## Information
=== Begin Enclosure ===
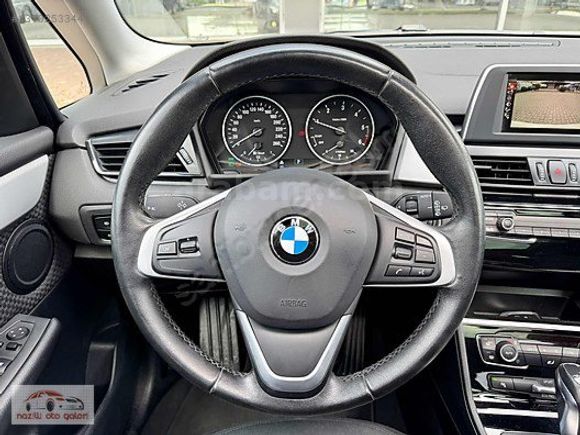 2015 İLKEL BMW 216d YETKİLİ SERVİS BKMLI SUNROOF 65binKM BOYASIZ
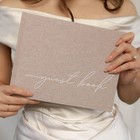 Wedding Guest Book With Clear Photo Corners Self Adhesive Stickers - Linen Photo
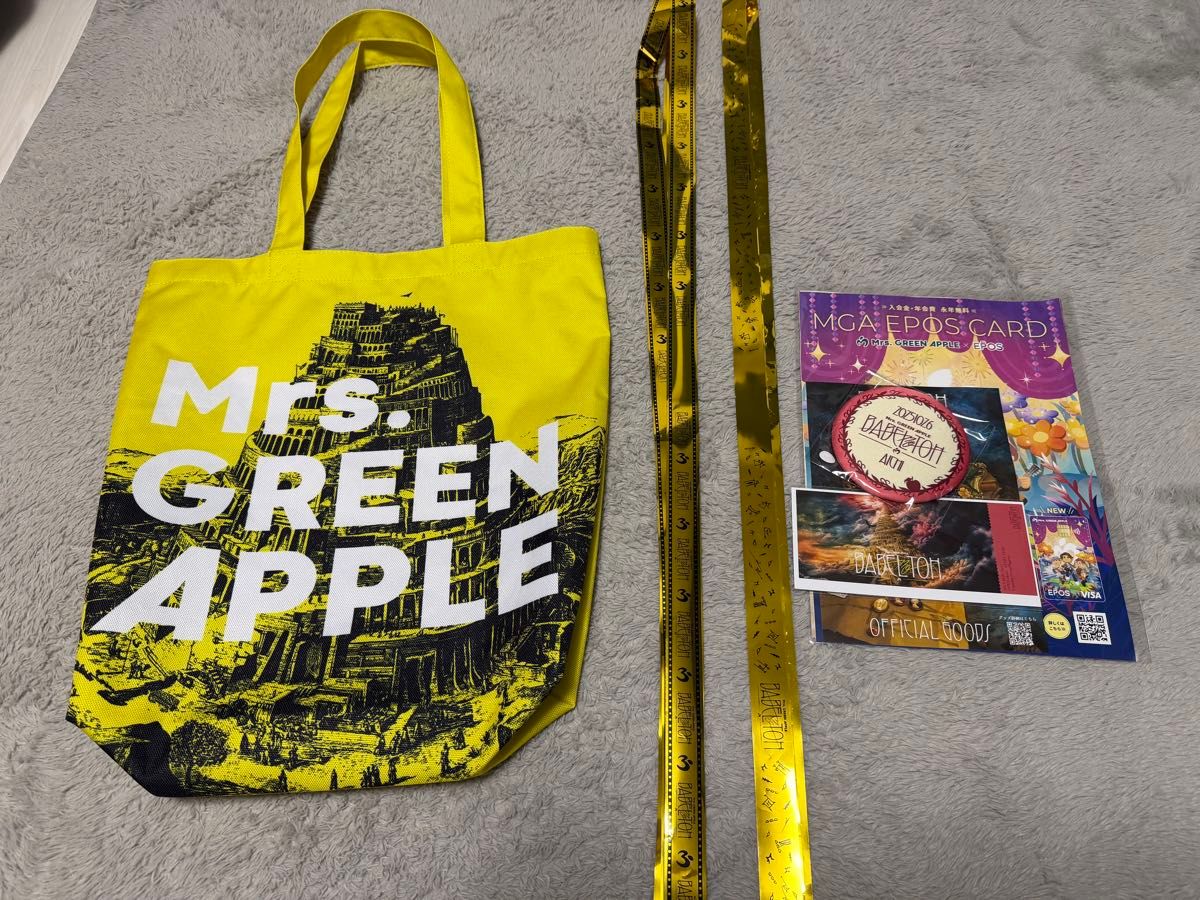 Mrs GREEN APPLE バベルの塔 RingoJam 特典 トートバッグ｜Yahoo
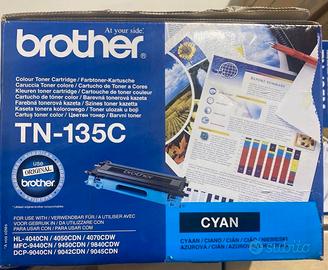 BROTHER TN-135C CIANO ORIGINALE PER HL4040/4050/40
=== End Enclosure ===
=== Begin Enclosure ===
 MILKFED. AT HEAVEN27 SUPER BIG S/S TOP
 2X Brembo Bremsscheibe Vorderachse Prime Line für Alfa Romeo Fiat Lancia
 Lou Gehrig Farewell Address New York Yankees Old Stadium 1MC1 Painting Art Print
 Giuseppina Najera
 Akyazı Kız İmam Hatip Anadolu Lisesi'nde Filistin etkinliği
=== End Enclosure ===
Print, without alteration, only the lines above between the one holding "MILKFED. AT HEAVEN27 SUPER BIG S/S TOP" and the one holding "Akyazı Kız İmam", inclusive.

## Finished exercise
 MILKFED. AT HEAVEN27 SUPER BIG S/S TOP
 2X Brembo Bremsscheibe Vorderachse Prime Line für Alfa Romeo Fiat Lancia
 Lou Gehrig Farewell Address New York Yankees Old Stadium 1MC1 Painting Art Print
 Giuseppina Najera
 Akyazı Kız İmam Hatip Anadolu Lisesi'nde Filistin etkinliği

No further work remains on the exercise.